FOCUS – Ce mercredi 2 octobre, Kévin Lucas, berger dans le Briançonnais a comparu devant le tribunal d’instance de Grenoble. Il faisait appel d’une décision rendue en janvier dernier. Pour avoir aidé des migrants à entrer en France et refusé de se soumettre à un contrôle de gendarmerie, le maraudeur encourt quatre mois de prison avec sursis. Une petite centaine de militants se sont mobilisés à cette occasion devant le tribunal pour soutenir le jeune homme et protester contre le « délit de solidarité » dont il est accusé.
Mobilisation devant le tribunal d’instance en soutien au Briançonnais Kevin, accusé de délit de solidarité envers les migrants, le 2 octobre 2019. © Séverine Cattiaux – Place Gre’net
En mars 2018, Kévin Lucas, 32 ans, a porté secours à des migrants qui entraient en France de manière irrégulière en passant par les montagnes des Hautes-Alpes. Il les a alors transportés en voiture avant d’être arrêté et de refuser de se soumettre à un contrôle de gendarmerie.
Pour ces faits, les magistrats du tribunal de grande instance à Gap ont condamné Kévin à quatre mois de prison avec sursis.
Estimant absolument intolérable d’aller en prison au motif d’avoir aidé des personnes en détresse, le jeune homme a fait appel de cette décision et comparaissait devant le tribunal d’instance de Grenoble ce mercredi 2 octobre.
Venus soutenir le jeune Briançonnais, des associations et citoyens de Grenoble et de Briançon ont revendiqué devant le tribunal le droit légitime de porter secours aux migrants, au nom du principe de fraternité inscrit dans la Constitution de 1958. « Le 6 juillet 2018, le Conseil constitutionnel a même été on ne peut plus clair, précise Michel Rousseau, coprésident de l’association Tous Migrants. Il a affirmé qu’une aide désintéressée au séjour irrégulier des étrangers ne saurait être passible de poursuites, en vertu du principe de fraternité. »
Des frontières dangereuses, dignes du Moyen Âge
Dans l’attente de la fin du procès, des militants regroupés sur le parvis du tribunal ont poussé la chansonnette, dénonçant sur des airs connus la pression policière à l’égard des migrants et le durcissement des politiques migratoires.

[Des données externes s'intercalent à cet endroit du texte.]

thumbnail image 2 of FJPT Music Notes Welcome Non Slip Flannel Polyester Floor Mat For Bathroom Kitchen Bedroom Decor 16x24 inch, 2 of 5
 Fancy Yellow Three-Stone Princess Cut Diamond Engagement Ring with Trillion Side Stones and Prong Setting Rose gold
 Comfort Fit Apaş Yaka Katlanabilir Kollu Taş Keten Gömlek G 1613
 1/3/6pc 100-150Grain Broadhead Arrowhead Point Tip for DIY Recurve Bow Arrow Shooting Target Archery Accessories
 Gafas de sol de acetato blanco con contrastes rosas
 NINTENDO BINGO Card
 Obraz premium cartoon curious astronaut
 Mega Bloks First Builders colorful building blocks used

Puis quelques personnes ont pris la parole, à l’instar de Matthieu. Comme Kevin et beaucoup d’autres Briançonnais, il fait des maraudes solidaires durant l’hiver. C’est-à-dire qu’il part en montagne au-devant des migrants pour leur apporter un peu de nourriture ou une aide quelconque. « Ces personnes viennent chercher l’asile en France et, au lieu d’être accueillies, elles sont traquées par la police », fustige le maraudeur.
Ces intimidations, ce harcèlement les poussent, juge-t-il, à courir de grands risques en empruntant des chemins dangereux en montagne. « Par ces agissements, l’État a réussi à recréer un coin de Moyen Âge, au XXIe siècle ! », déclare le citoyen scandalisé, qui déplore que cette situation perdure. Voilà en effet déjà quatre hivers que l’association Tous migrants organise des maraudes solidaires.
« Les magistrats ont semblé être à l’écoute »
Sur les coups de 15 h 30, Kevin et son avocate Maeva Binimélis sont sortis du tribunal. Pas franchement enclin à se mettre en avant, le jeune maraudeur veut d’abord penser aux migrants : « Il faut surtout continuer à parler de la situation abominable à la frontière que vivent ces personnes et dénoncer le système frontalier en général. Le délit de solidarité, c’est annexe (…) »
Maeva Binimelis, avocate des maraudeurs briançonnais qui portent secours aux migrants, devant la tribunal d’instance de Grenoble, 2 octobre 2019. © Séverine Cattiaux – Place Gre’net
L’avocat général a requis le maintien de la peine de prison prononcée en première instance. Sans surprise, l’avocate a, quant‑à elle, demandé la relaxe pure et simple de son client.
« L’audience a été sereine, alors que l’ambiance est souvent électrique dans ce genre d’affaire. Les magistrats ont semblé être à l’écoute », a‑t-elle déclaré, en faisant montre tout à la fois de prudence et d’optimisme.
Le délibéré sera rendu le 23 octobre, à la veille de la comparution de Pierre, un autre maraudeur condamné pour des faits similaires. Une quinzaine de personnes sont actuellement poursuivies par le procureur de Gap, pour avoir porté secours à des migrants dans les Hautes Alpes.